E’ un vero e proprio ‘j’accuse’ quello mosso dalle tradizionali forze politiche europee, Popolari, Socialisti, Alde e Verdi al nostro premier Conte. Il piu’ duro il capo delegazione dell’Alde Guy Verhofstadt che accusa il presidente del Consiglio di essere il “burattino di Matteo Salvini e Luigi Di Maio”. Alcuni interventi “non andrebbero commentati”, replica Conte, perche’ “non offendono solo il sottoscritto ma l’intero popolo che rappresento”. “Un capogruppo ha detto del burattino a chi rappresenta il popolo italiano: io non lo sono e non mi sento. Sono orgoglioso di interpretare la voglia di cambiamento del popolo italiano. Forse – attacca – i burattini sono quelli che rispondono a lobby, gruppi di potere e comitati di affare”.

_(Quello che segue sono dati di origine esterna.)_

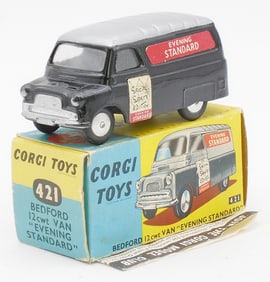 CORGI 421 BEDFORD EVENING STANDARD VAN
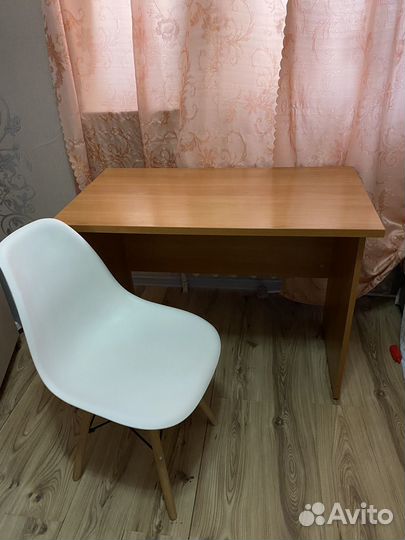 Письменный стол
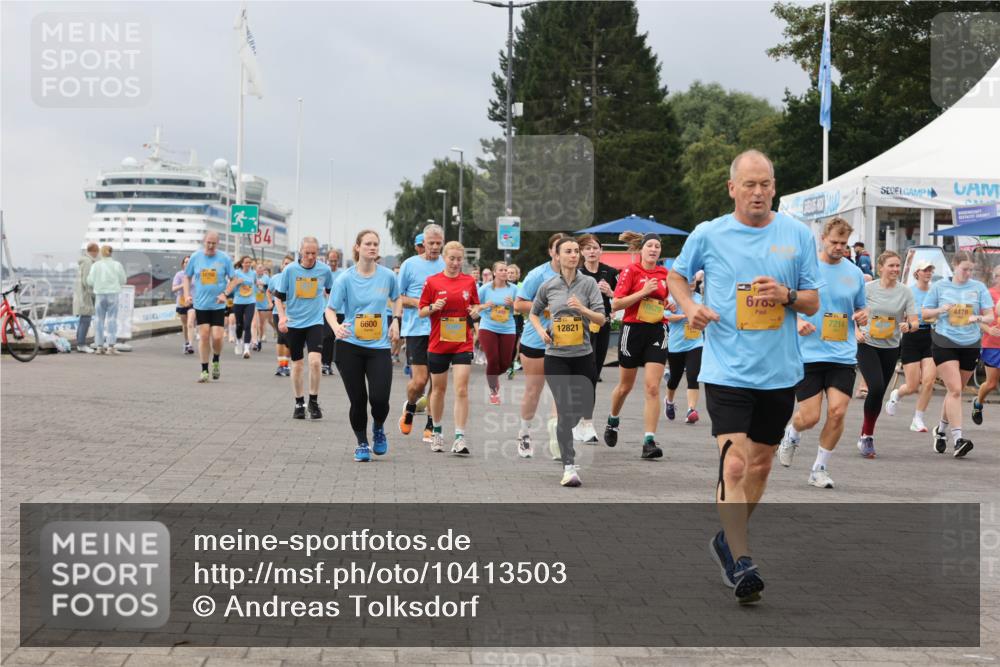 13.09.2026 - Kiel Lauf Andreas Tolksdorf http://msf.ph/oto/10413503 13.09.2026 10:04:14 Kiellinie 6600, 12821, 11, 4478 meine-sportfotos.de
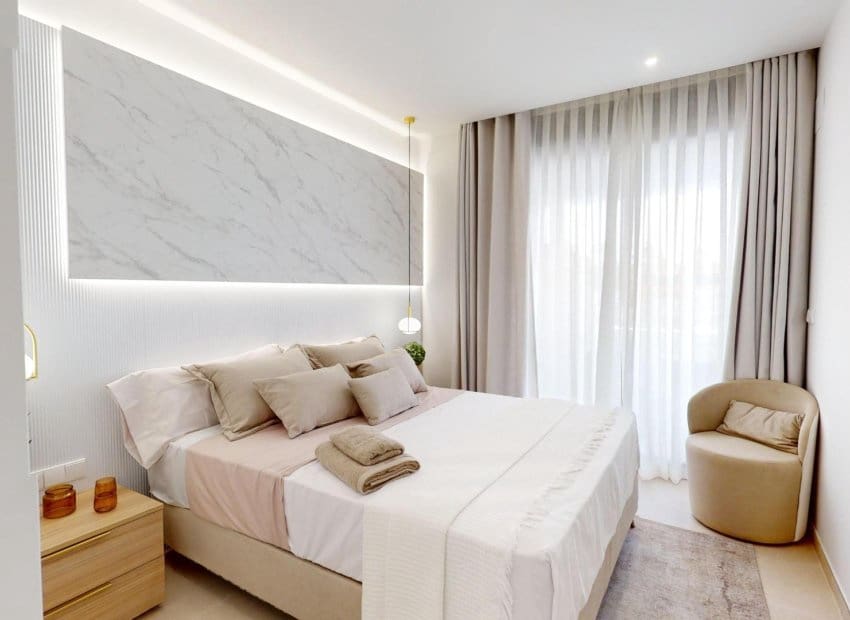 2 slaapkamer Appartement te koop in Orihuela Costa met zwembad - € 440.000 (Ref: 8345487)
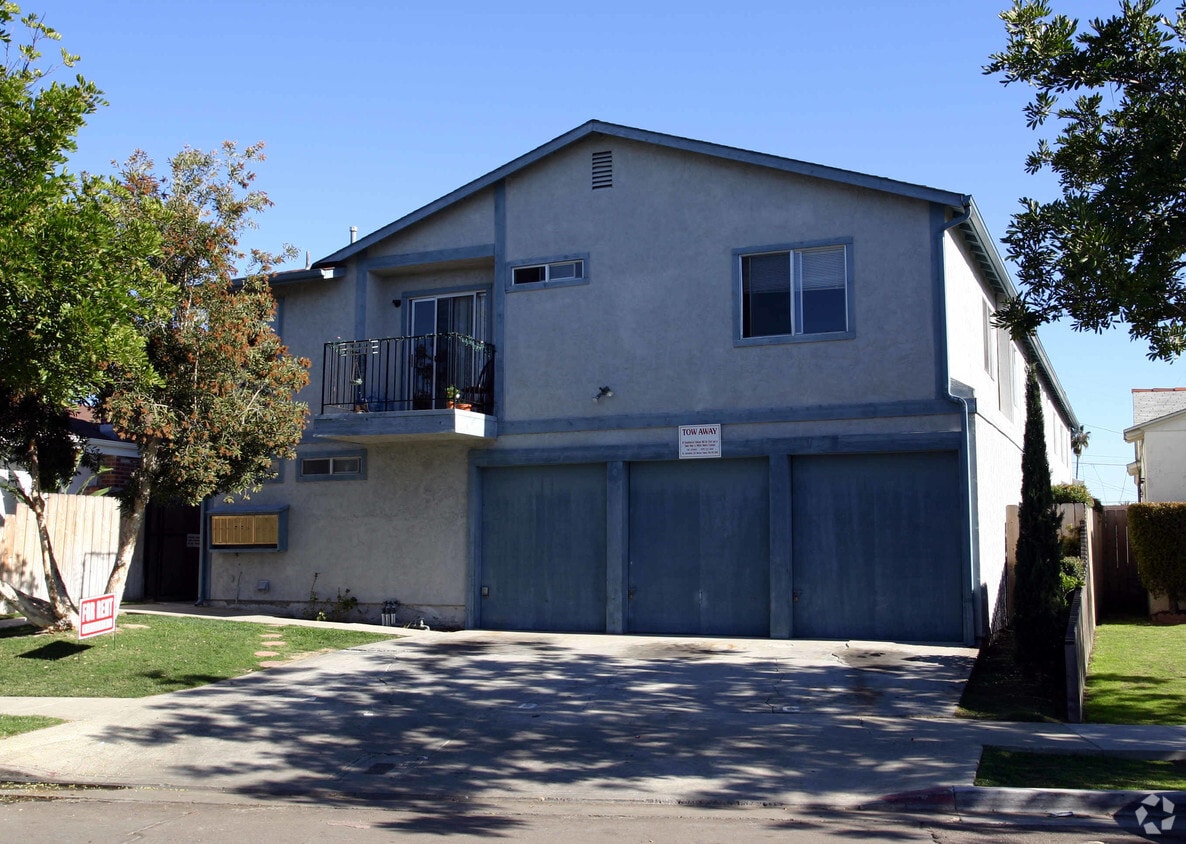 Building Photo - 4545 35th St
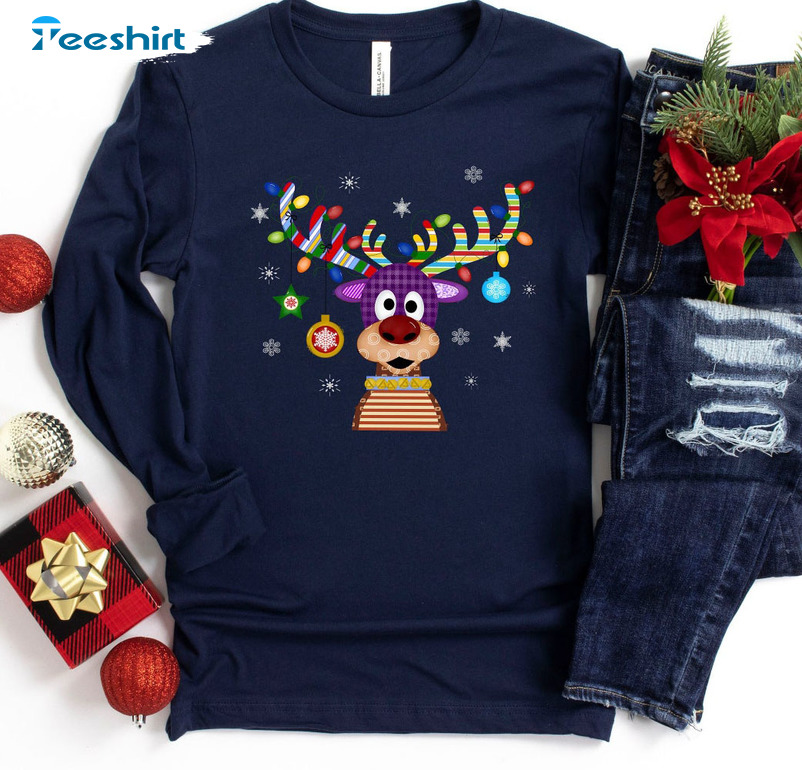 Cute Christmas Reindeer Shirt, Christmas Lights Peeping Reindeer Unisex T-shirt Short Sleeve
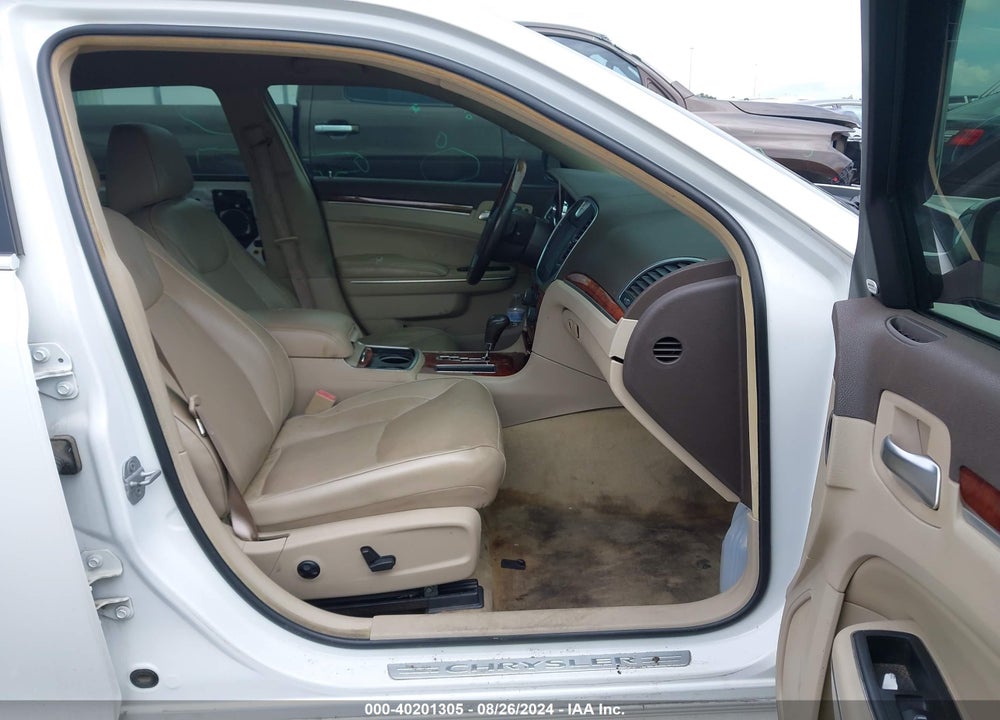 2011 CHRYSLER 300C VIN: 2C3CA6CT9BH561335
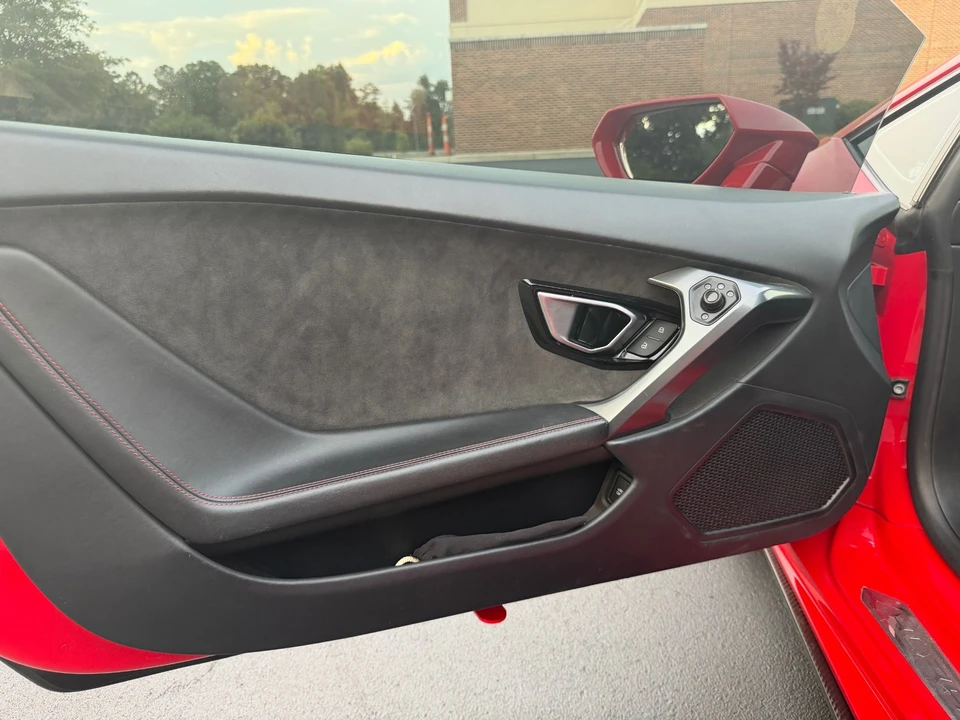 2015 Lamborghini Huracan LP610-4 - Image 21 of 30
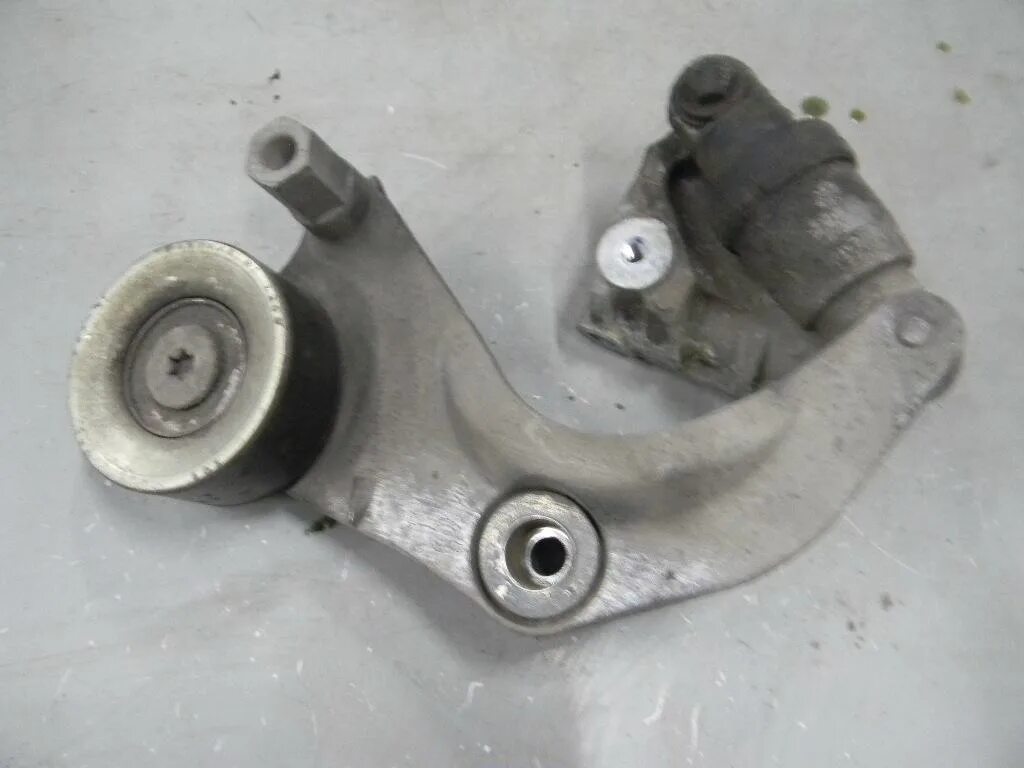 Натяжитель honda civic 4d. Натяжитель honda civic 4d. Натяжитель ремня цивик. Натяжитель ремня цивик. Ролик приводного ремня цивик 4д.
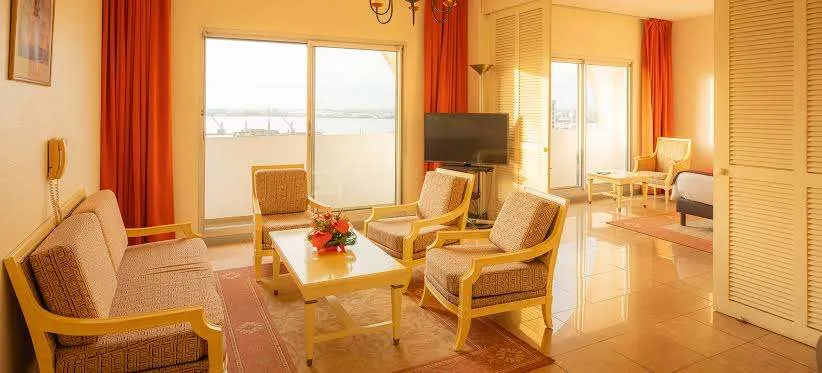 Gallery Photo 2 - Marketplace | Hôtel Akwa Palace Douala, Akwa, Douala, Cameroon | General & Others 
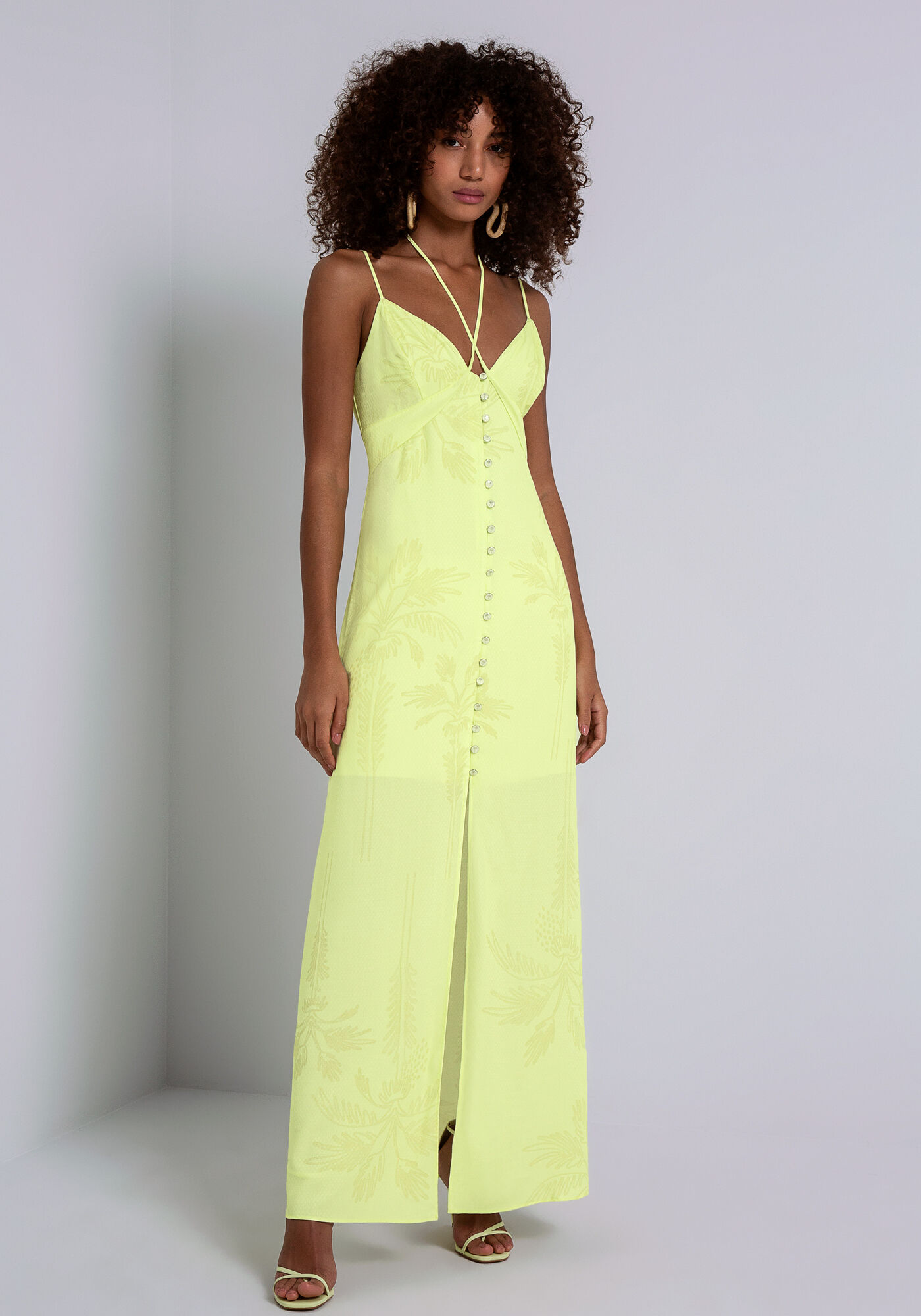 Vestido Longo em Viscose com Fenda e Bot es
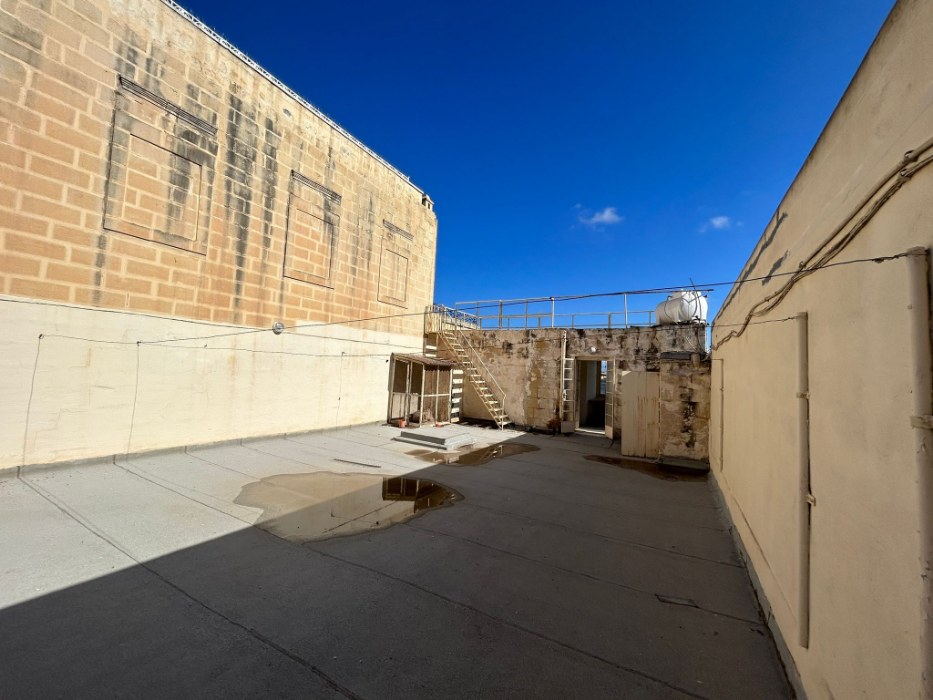 Palazzo with Sea Views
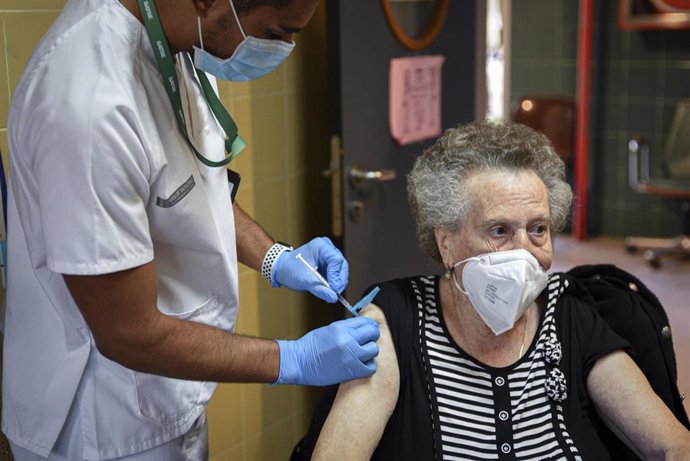 Una mujer recibe una dosis de la vacuna contra la gripe, en el Centro de Salud Plaza Segovia, a 27 de octubre de 2021, en Valencia, Comunidad Valenciana (España). 
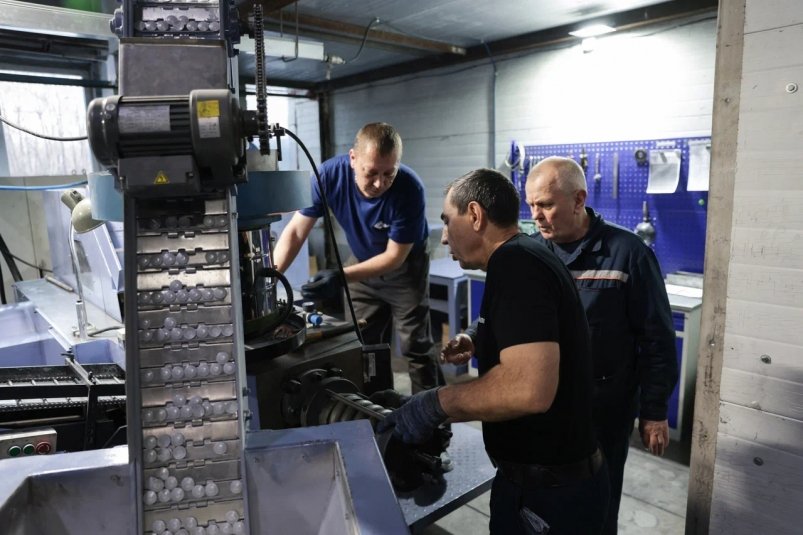 В Шелехове компания запустила производство алюминиевых туб при поддержке ФРП ФРП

“Mi e’ stato detto, e anche qui esuliamo dal dibattito franco, aspro e politico, che mi dovrei vergognare per un frammento di conversazione origliato illegittimamente tra me e la cancelliera Merkel. Vorrei ricordare a chi ha osato vergognarsi pubblicamente per mio conto che forse c’e’ stato in passato un esponente di un partito che ha ben altri record rispetto alla cancelliera Merkel in termini apprezzamenti. Forse allora non ci si e’ vergognati”, dice, con riferimento indiretto alla famosa battuta sulla cancelliera tedesca intercettata a Silvio Berlusconi.
Il leader dei Popolari, Manfred Weber critica il premier per la posizione italiana sul Venezuela. “Guaido’ ha chiesto all’Italia di riconoscerlo, io penso che dovreste rispondere a Guaido’ se pensate che debba esserci un approccio comune europeo”.
Sui migranti “sono gli amici di Salvini che non vi aiutano, Viktor Orbanm Jaroslaw Kaczynski e Sebastian Kurz”, fa notare il capogruppo dei Socialisti e democratici, Udo Bullmann. Critiche anche dal Verde Philippe Lamberts, secondo cui il governo M5s-Lega fa dei migranti il “capro espiatorio di tutti i mali dell’Italia”.
Ma il piu’ duro e’ Verhofstadt, ad accendere un’aula in cui si notavano molti posti a sedere vuoti. “Per quanto tempo ancora sara’ il burattino mosso da Di Maio e Salvini?”, attacca il belga. “Io amo l’Italia ma oggi mi fa male vedere la degenerazione politica di questo Paese, iniziata 20 anni fa con Berlusconi e peggiorata con questo governo”. L’Italia “e’ diventata il fanalino di coda dell’Europa. Un governo odioso verso gli altri stati membri, con Di Maio e Salvini veri capi di questo governo” che ha “impedito la unanimita’ su Venezuela sotto pressione di Putin”. “Salvini si e’ specializzato nel bloccare porti ai migranti ma blocca anche una riforma europea di Dublino e di una politica dei confini europea – rincara la dose -. Il vostro governo non ha una strategia per la crescita ma solo una tattica per farvi rieleggere con regali e debiti. Di Maio sta abusando del suo ufficio incontrando un movimento si’ popolare ma oggi dominato da un gruppo di demolitori che distruggono tutto, guidato da Chalencon, che ha chiesto un colpo di stato militare contro il presidentde dell Repubblica. Per quanto tempo ancora sara’ il burattino mosso da Di Maio e Salvini?”.
A difendere Conte c’è Salvini. “Che alcuni burocrati, complici del disastro di questi anni, si permettano di insultare il presidente del Consiglio, il governo e il popolo italiano e’ davvero vergognoso. Le elite europee contro le scelte dei popoli. Preparate gli scatoloni, il 26 maggio i cittadini italiani finalmente manderanno a casa questa gente”.